On July 4th 2009, a short 48 hours after Gabby's birth, we got to take her home. We live almost 2 hours from the hospital so our other 4 children hadn't met Gabriella yet. So, as you can imagine when we walked in our home with her our kids started to cry. My son busted into tears, screaming "LOOK, LOOK, She is OK!" The pride that I saw in all of them was amazing. On July 4th every year our home is magical. We live next to a small creek with a tree filled line. At about 9:30 p.m. every 4th of July the whole tree line lights up with baby fire flies being born. It is something you can’t record, or take a picture of. You have to live in the moment to see it. As we all stood in our back yard that night I understood that God gave us that night to show us to live in the moment with Gabriella. My kids soon began to understand that not going to see fireworks that night was not really a big deal anymore. There baby sister was home, healthy, and ready to be loved. They have given up so much; this way as a family we can enjoy the little miracles in life.

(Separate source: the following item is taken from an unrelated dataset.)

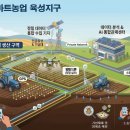 관수축산 이미지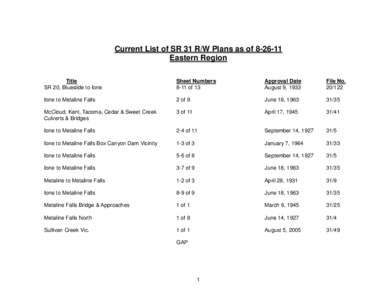 Current List of SR 31 R/W Plans as of[removed]Eastern Region Title SR 20, Blueslide to Ione  Sheet Numbers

In the 10months since then my daughter has had 2 brain surgeries, 4 eye surgeries, and been looked at by every doctor there is to be seen. Every time we leave an appointment I feel overjoyed. She was diagnosed with Walker Warburg Syndrome, a Muscle-Eye-Brain Disorder .She has daily struggles, lots of PT, OT, and Vision therapy. She gets sick very easy, and it takes her a lot longer to get better. Every doctor she sees is inspired by her. She has done everything they told us she'd never be able to do. I can say that I may not always know what's coming next or what tomorrow will bring. I don’t always have the answer or know where we will be as a family in the future. I know that my laundry dishes, and house may not always be perfect, but I am ok with that. It can wait till tomorrow. Gabriella and our other children are more important than the housework. My other children know that just because Gabriella needs us more doesn't mean that we love them any less. Gabriella has made us slow down take in every moment and cherish it. She has made us better parents, family, and friends. I now see we are the lucky ones. God chose us to be blessed with her. She has made my heart whole again, and restored my faith in God. Our family is not always picture perfect, but it is the most perfect family for me.